═════ Given data ═════

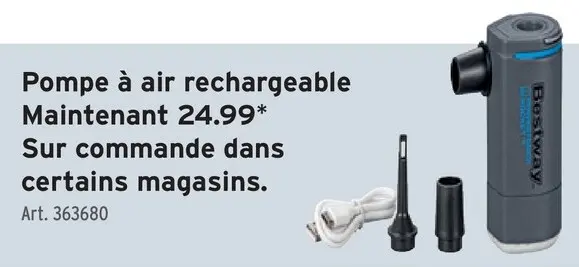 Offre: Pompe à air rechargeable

═════
═════ Given data ═════

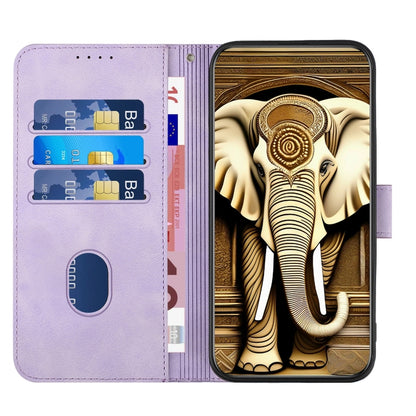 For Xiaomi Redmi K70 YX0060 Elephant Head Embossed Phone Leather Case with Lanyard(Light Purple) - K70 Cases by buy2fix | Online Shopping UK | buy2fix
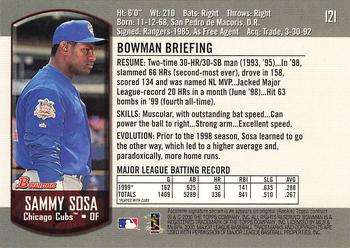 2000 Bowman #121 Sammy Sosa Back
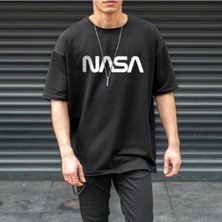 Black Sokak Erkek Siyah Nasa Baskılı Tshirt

═════
═════ Given data ═════

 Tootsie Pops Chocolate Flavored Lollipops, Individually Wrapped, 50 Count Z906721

═════

→ **Work to be completed**: Look above for the line with "2000 Bowman #121 Sammy Sosa Back" and the line with "Black Sokak Erkek Siyah Nasa Baskılı Tshirt". Copy them and every line between, exactly, but no pictures.

→ **Exercise result**:
 2000 Bowman #121 Sammy Sosa Back
 Black Sokak Erkek Siyah Nasa Baskılı Tshirt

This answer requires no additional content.